═══ DATA FOR THIS EXERCISE ═══
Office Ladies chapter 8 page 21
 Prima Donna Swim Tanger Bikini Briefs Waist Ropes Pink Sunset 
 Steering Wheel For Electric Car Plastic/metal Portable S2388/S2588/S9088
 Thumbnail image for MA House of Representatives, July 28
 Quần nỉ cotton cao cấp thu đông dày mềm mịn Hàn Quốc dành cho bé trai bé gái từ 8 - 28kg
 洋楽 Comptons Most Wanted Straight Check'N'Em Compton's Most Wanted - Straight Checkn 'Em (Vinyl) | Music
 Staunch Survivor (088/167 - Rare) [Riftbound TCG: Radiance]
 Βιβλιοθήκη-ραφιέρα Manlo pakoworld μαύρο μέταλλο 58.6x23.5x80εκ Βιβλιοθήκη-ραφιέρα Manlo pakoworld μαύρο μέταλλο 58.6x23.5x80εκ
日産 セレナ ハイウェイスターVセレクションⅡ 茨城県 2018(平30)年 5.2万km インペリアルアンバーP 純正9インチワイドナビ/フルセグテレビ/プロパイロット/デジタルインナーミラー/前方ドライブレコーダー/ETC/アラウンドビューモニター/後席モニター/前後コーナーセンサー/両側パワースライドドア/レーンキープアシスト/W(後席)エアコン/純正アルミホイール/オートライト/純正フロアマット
═══
In restating the data, begin at its first line, reproduce each line word for word, and conclude with the line that contains "Staunch Survivor (088/167".

## EXERCISE RESULT
Office Ladies chapter 8 page 21
 Prima Donna Swim Tanger Bikini Briefs Waist Ropes Pink Sunset 
 Steering Wheel For Electric Car Plastic/metal Portable S2388/S2588/S9088
 Thumbnail image for MA House of Representatives, July 28
 Quần nỉ cotton cao cấp thu đông dày mềm mịn Hàn Quốc dành cho bé trai bé gái từ 8 - 28kg
 洋楽 Comptons Most Wanted Straight Check'N'Em Compton's Most Wanted - Straight Checkn 'Em (Vinyl) | Music
 Staunch Survivor (088/167 - Rare) [Riftbound TCG: Radiance]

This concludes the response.